*** Material provided Section Begins ***

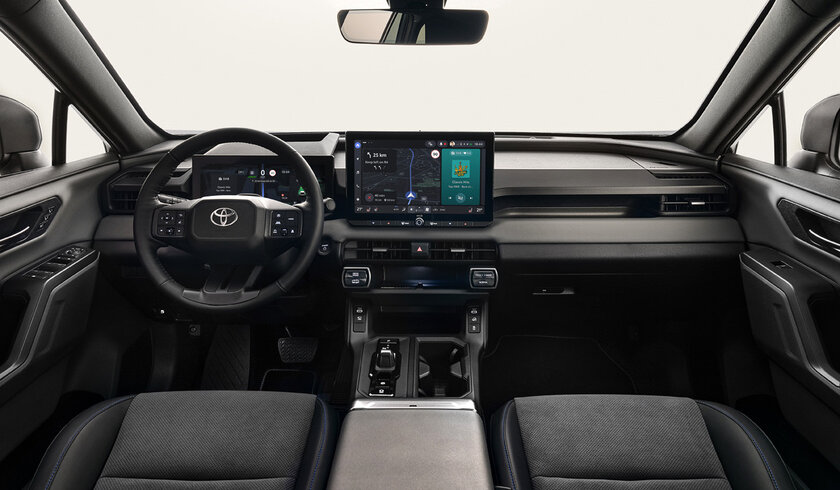 Гибрид с обновлённым интерьером: представлен кроссовер Toyota RAV4 шестого поколения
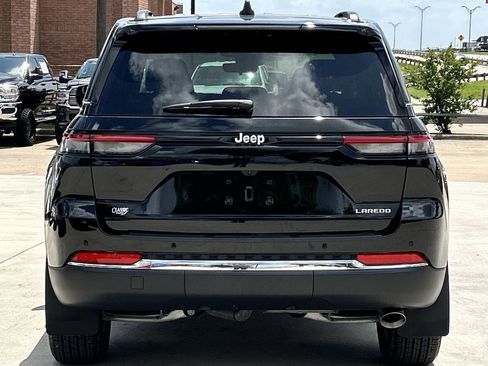 Used 2025 Jeep Grand Cherokee Laredo X RWD image 5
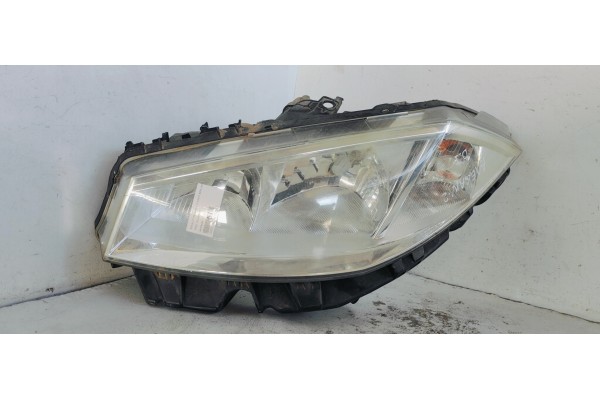 Recambio de faro izquierdo para renault megane ii classic berlina confort expression referencia OEM IAM 89306999  
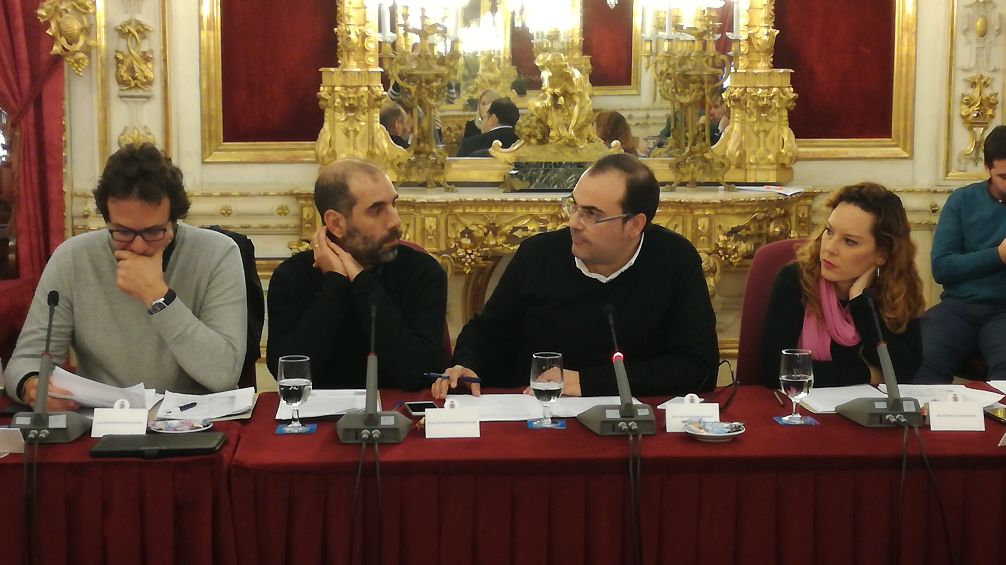 De izquierda a derecha; José María González, Antonio Romero, Hugo Palomares y Lorena Garrón, durante un pleno de Diputación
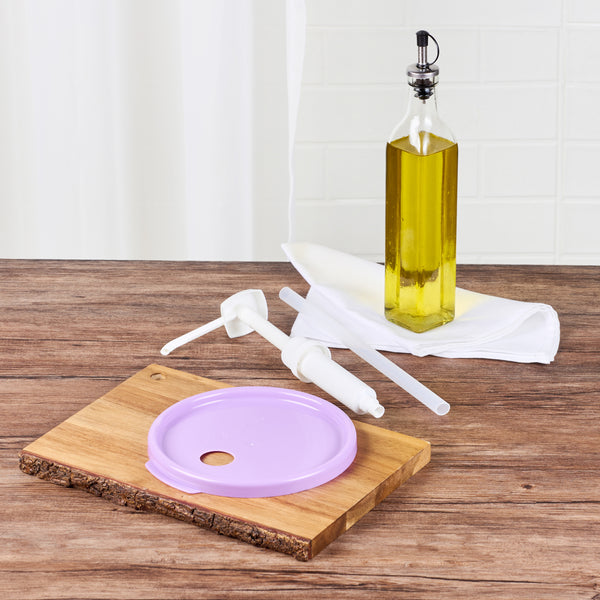 Restaurantware Met Lux Round Purple Plastic Lid - Fits 4 Qt Food Storage Container - 1 Count Box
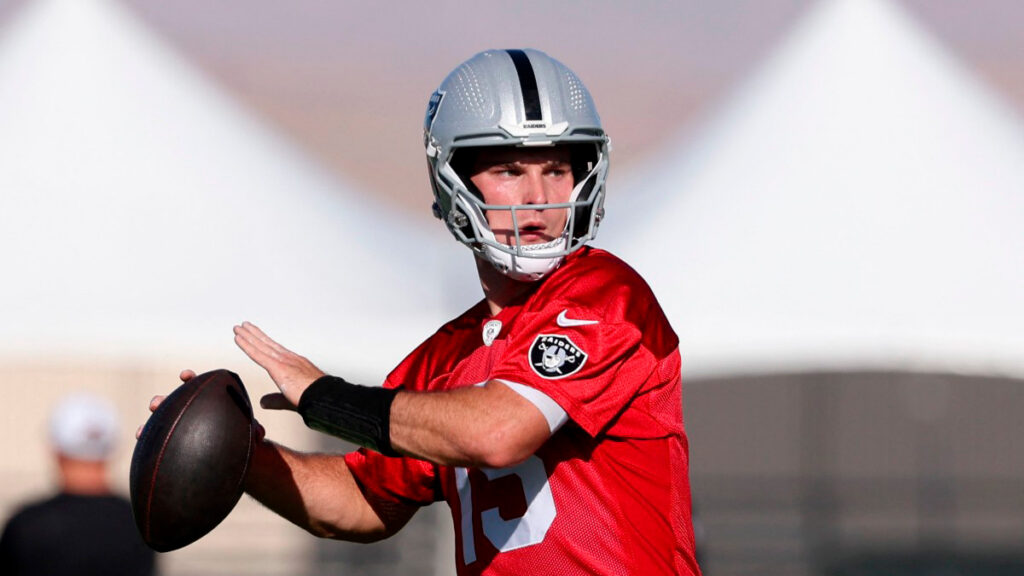 Fernando Mendoza buscará consolidarse con los Raiders.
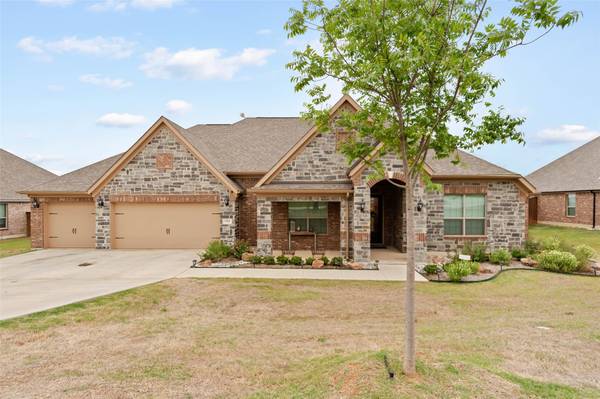 104 Willow Oak Drive, Krugerville, TX 76227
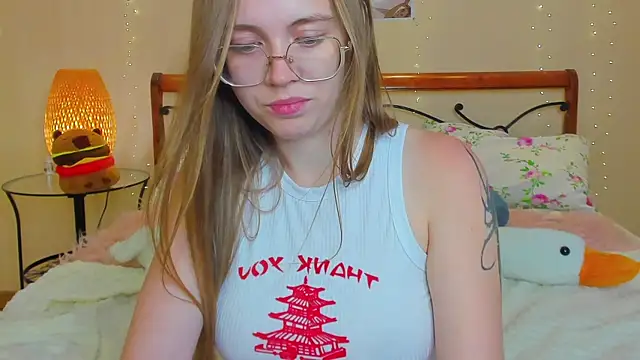 XXX chat uživo modela miya_soft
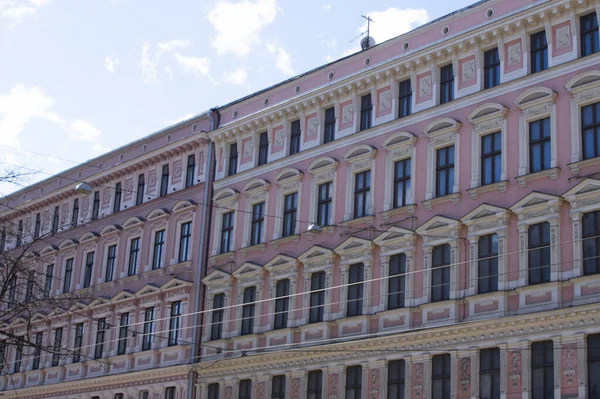 Plano Ángulo Bajo Edificio Piedra Día Sombrío — Foto de Stock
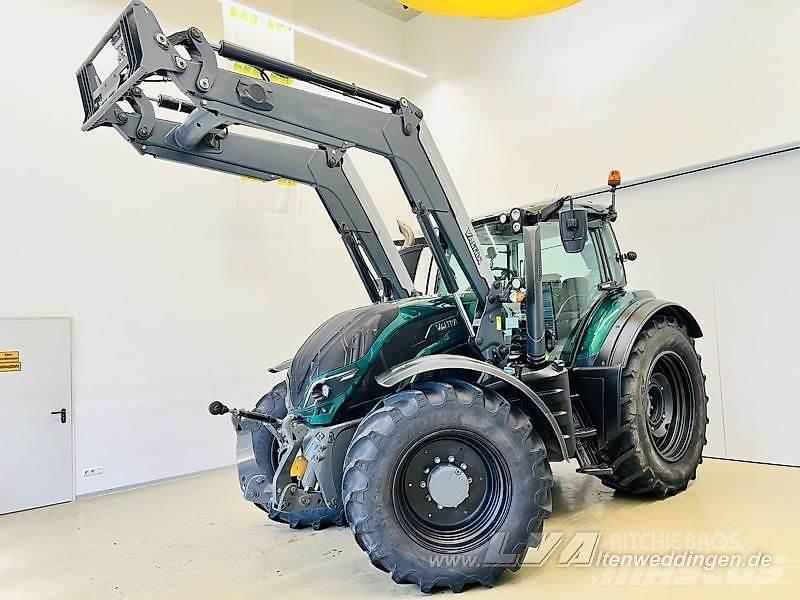 Valtra T174 Traktorok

*** Material provided Section Ends ***

Activity: Your copy must match the records above word for word and contain no pictures.

Solved problem:
 Гибрид с обновлённым интерьером: представлен кроссовер Toyota RAV4 шестого поколения
 Used 2025 Jeep Grand Cherokee Laredo X RWD image 5
 Recambio de faro izquierdo para renault megane ii classic berlina confort expression referencia OEM IAM 89306999  
 De izquierda a derecha; José María González, Antonio Romero, Hugo Palomares y Lorena Garrón, durante un pleno de Diputación
 Restaurantware Met Lux Round Purple Plastic Lid - Fits 4 Qt Food Storage Container - 1 Count Box
 Fernando Mendoza buscará consolidarse con los Raiders.
 104 Willow Oak Drive, Krugerville, TX 76227
 XXX chat uživo modela miya_soft
 Plano Ángulo Bajo Edificio Piedra Día Sombrío — Foto de Stock
 Valtra T174 Traktorok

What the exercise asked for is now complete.